1957 British film by Charles Crichton

The Man in the Sky (released in the U.S. as Decision Against Time) is a 1957 British thriller drama film directed by Charles Chrichton and starring Jack Hawkins and Elizabeth Sellars. The screenplay was by John Eldridge and William Rose. A test pilot strives to land a stricken prototype plane.

==Plot==
Test pilot John Mitchell is married, has two young sons, and lives in a rented semi-detached house in the suburbs of Wolverhampton. He disappoints his wife Mary by refusing to increase their bid to buy a house from £3,500 to the asking price of £4,000, which he says they cannot afford. What she does not know is that the aircraft manufacturing company he works for is in desperate financial straits. Owner Reginald Conway needs to convince potential buyer Ashmore to place an order soon or the firm will go bankrupt. Mitchell takes the only prototype of a new freight aeroplane for a flight, with Ashmore and several of Conway's employees aboard. It has the maximum cargo on board: three heavy vehicles including a Rolls-Royce. Ashmore explains he is close to accepting a deal. During testing, one engine catches fire.

Ashmore and the others parachute to safety over the airfield. Mitchell is able to extinguish the fire by diving the aeroplane, but loses half of his aileron control in the process. It is suggested to fly on for two hours to reduce the fuel. Then, despite Conway's order and the urgings of others, he decides to try to land the aeroplane rather than crashing it into the sea. However, he has to fly back and forth for half an hour to use up fuel, shifting the centre of gravity in the aircraft away from the dead engine to make the landing more feasible. Ashmore is convinced of the aircraft's value by its performance in the dive and expresses confidence in Mitchell's ability to land it.

A freelance journalist comes to the airfield to collect information for a story. As he waits for the plane to use up enough fuel to try a landing, the journalist tries to sell the story to a newspaper and is told that they will pay him £50 for the story if the plane crashes, but if the pilot lands the plane safely the newspaper does not want the story.

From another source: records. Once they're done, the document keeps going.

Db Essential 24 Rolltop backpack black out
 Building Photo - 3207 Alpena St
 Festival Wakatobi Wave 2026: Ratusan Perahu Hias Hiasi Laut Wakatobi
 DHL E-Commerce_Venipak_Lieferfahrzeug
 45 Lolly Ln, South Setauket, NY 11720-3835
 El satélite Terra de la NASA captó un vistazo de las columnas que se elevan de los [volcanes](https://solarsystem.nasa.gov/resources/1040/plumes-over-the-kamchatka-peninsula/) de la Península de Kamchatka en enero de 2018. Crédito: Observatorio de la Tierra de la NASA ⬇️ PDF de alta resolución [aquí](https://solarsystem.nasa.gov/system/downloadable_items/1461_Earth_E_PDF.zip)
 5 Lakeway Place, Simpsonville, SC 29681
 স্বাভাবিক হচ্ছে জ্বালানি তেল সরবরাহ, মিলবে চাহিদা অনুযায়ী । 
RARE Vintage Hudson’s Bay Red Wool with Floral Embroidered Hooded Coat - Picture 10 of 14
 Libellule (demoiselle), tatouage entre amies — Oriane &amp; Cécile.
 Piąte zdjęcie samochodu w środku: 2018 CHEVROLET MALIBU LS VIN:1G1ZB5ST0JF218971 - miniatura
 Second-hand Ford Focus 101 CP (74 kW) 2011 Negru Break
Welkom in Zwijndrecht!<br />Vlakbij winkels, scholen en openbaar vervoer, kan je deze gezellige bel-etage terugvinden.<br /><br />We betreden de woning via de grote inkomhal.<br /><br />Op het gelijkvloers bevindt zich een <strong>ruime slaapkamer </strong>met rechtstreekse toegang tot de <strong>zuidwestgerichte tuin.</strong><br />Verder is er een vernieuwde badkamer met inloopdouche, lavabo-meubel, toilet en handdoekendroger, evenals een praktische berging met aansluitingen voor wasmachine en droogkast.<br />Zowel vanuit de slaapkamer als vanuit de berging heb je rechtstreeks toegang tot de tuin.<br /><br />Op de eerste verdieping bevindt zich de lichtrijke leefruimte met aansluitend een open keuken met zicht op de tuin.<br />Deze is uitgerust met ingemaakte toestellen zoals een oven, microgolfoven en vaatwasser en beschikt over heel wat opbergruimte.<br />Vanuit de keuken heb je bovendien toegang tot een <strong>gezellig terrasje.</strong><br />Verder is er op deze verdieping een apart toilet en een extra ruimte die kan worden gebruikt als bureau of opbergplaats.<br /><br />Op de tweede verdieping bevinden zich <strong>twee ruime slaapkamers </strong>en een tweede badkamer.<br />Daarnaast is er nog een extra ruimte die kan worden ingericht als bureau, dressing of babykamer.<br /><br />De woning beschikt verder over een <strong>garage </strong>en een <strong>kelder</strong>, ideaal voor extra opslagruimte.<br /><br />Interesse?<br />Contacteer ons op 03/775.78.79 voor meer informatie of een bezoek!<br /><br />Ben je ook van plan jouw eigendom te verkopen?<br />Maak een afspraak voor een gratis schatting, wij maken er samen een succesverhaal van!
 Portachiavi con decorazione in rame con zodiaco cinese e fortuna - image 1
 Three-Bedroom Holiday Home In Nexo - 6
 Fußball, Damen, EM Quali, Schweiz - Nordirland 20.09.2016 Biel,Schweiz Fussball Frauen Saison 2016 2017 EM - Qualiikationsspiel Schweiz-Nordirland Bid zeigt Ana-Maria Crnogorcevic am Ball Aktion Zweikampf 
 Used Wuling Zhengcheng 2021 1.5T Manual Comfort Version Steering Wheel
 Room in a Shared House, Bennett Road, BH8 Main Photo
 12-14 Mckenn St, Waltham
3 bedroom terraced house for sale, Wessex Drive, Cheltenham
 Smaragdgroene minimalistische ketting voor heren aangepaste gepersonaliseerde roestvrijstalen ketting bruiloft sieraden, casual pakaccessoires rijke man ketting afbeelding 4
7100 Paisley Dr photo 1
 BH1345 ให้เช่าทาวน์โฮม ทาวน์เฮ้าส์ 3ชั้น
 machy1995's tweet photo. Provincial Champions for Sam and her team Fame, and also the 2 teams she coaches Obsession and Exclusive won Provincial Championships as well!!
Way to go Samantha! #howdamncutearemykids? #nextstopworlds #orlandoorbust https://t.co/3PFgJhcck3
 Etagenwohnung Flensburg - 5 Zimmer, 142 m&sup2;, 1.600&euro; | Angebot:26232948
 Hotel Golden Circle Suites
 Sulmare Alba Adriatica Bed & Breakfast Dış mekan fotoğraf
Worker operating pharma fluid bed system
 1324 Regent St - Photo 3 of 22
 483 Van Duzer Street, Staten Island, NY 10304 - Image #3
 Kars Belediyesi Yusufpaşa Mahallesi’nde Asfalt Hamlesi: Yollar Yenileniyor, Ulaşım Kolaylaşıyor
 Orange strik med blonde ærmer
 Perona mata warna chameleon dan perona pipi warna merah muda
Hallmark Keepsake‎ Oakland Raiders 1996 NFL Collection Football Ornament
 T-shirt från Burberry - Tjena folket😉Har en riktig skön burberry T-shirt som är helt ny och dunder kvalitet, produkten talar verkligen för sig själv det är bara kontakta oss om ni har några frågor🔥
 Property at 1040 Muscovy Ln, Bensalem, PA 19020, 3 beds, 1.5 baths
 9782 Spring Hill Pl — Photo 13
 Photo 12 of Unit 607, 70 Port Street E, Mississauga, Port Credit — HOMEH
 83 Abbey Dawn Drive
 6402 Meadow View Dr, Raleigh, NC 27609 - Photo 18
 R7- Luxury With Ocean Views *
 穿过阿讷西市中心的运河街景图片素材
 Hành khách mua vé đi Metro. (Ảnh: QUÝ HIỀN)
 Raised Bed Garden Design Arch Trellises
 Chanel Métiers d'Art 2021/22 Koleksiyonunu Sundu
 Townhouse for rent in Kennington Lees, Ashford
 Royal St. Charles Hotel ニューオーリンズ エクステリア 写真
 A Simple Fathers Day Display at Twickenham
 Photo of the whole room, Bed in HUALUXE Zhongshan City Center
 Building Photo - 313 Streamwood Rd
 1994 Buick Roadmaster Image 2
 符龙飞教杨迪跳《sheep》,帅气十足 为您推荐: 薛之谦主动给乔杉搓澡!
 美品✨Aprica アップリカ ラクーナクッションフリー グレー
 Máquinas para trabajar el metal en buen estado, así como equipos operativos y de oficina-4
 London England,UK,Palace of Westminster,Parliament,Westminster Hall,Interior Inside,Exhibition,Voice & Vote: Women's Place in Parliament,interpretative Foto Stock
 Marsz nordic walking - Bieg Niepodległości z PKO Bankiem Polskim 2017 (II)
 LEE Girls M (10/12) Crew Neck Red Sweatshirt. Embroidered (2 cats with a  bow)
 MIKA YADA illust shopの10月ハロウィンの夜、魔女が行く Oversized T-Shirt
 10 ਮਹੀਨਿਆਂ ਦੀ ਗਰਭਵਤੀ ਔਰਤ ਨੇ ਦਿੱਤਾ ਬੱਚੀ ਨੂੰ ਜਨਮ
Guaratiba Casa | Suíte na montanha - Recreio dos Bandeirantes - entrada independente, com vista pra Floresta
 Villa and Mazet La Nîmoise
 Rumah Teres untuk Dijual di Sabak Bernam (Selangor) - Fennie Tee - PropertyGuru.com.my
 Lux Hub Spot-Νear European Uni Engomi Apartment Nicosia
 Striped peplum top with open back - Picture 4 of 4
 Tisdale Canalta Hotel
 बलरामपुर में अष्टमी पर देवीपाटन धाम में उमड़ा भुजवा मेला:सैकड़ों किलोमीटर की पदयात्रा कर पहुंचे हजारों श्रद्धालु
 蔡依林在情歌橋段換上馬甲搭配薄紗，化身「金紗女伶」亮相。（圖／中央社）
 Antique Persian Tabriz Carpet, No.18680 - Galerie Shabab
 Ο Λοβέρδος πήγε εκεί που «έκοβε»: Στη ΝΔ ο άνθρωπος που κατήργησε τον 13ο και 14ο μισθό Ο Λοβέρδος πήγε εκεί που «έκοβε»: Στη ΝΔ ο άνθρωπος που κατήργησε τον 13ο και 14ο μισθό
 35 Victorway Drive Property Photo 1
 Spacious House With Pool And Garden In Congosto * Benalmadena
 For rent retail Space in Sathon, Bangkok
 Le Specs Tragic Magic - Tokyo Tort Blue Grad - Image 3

During the tense wait, after all the others have rejected the idea as serving no purpose, office worker Mrs Snowden takes it upon herself to notify Mitchell's wife by phone, anyway. Mary goes to the airfield and watches as her husband undertakes the tricky landing. She gets a friend to drive her home so Mitch is unaware that she saw the whole thing. Later, at home, she demands to know why he risked his life when everyone told him to bail out. He explains that while he felt it was his duty with the company's fate hanging in the balance, he took the risk out of love and concern for the welfare of his family. Then he phones the estate agent and agrees to the seller's price of the house mentioned earlier.

==Cast==

- Jack Hawkins as John "Mitch" Mitchell
- Elizabeth Sellars as Mary Mitchell
- Jeremy Bodkin as Nicholas Mitchell, John's young son
- Gerard Lohan as Philip Mitchell, John's other young son
- Walter Fitzgerald as Reginald Conway
- John Stratton as Peter Hook
- Eddie Byrne as Ashmore
- Victor Maddern as Joe Biggs
- Lionel Jeffries as Keith
- Donald Pleasence as Crabtree
- Catherine Lacey as Mary's Mother
- Megs Jenkins as Mrs Snowden
- Ernest Clark as Maine, the designer
- Raymond Francis as Jenkins
- Russell Waters as Sim
- Howard Marion-Crawford as Ingrams, a freelance journalist

==Production==
The film was produced by Ealing Films, Michael Balcon's new company, set up after Rank had sold Ealing Studios in Ealing Green, West London, to the BBC in 1955. Balcon, who had run the company on behalf of Rank since 1944, left Rank in 1956 and set up the new company, striking a distribution and production deal with MGM. This was the first Ealing production to be made at MGM-British Studios in Borehamwood, North London.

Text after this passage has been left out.